Addressing the market opportunity at the BOP requires that we start with a radically new understanding of the price–performance relationship compared to that currently employed in developed markets. This is not about lowering prices. It is about altering the price–performance envelope.

Price is an important part of the basis for growth in BOP markets. GSM handsets used to be sold for $1,000 in India. Not surprisingly, the market was quite limited. As the average price dropped to $300, sales started to increase. However, when Reliance, a cell phone provider, introduced its “Monsoon Hungama” (literally Monsoon Melee) promotion that offered 100 free minutes for a mobile, multimedia phone with an up-front payment of $10 and monthly payments of $9.25, the company received 1 million applications in 10 days. Of course, price is a factor. Equally important is the performance associated with the price. The applications available through the Monsoon Hungama offer, for a mere $10 downpayment, are quite incredible, including news, games, audio clips of movies and favorite songs, video clips, astrology and numerology, city guides, TV guides, stock quotes, and the ability to surf the Internet.
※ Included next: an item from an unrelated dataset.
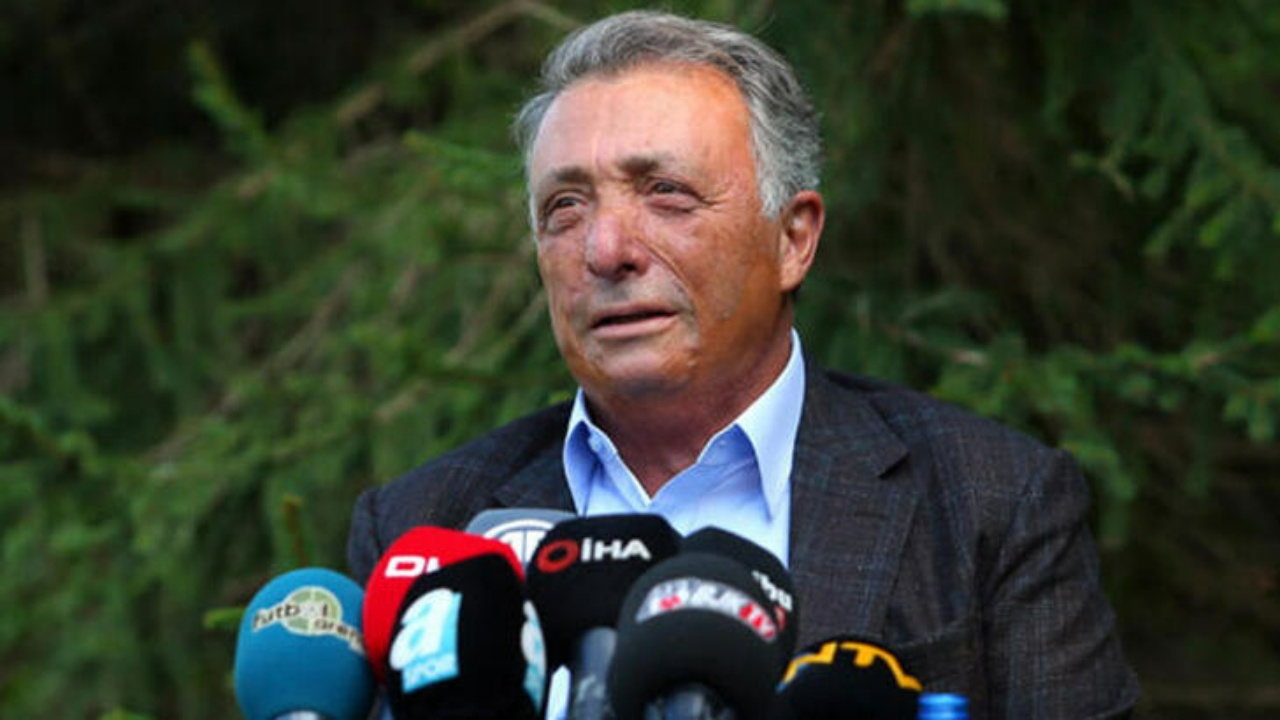 Beşiktaş'ta başkan adayları Ahmet Nur Çebi ve Fuat Çimen'in listeleri belli oldu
The phone itself is very fashionable and state of the art, using CDMA technology.[2] Today, India is the fastest growing wireless market in the world. During the last quarter of 2003, India was adding 1.5 million new subscribers per month! Both GSM and CDMA technologies are readily available, as are a host of features and pricing options. The regulatory process is also rapidly evolving. This milieu can be confusing at best. However, most value-conscious consumers do not seem to be concerned. There are so many comparisons of the alternate technologies, features, and payment schemes that are debated in newspapers, on TV and radio, and in magazines, that consumers are well-informed. Even those who cannot read tend to consult with others who can. Word of mouth is so powerful that the consumers seem to have found an efficient process—combining analyses offered by journalists, companies, consumer reports, and their friends—for evaluating the price–performance options available to them.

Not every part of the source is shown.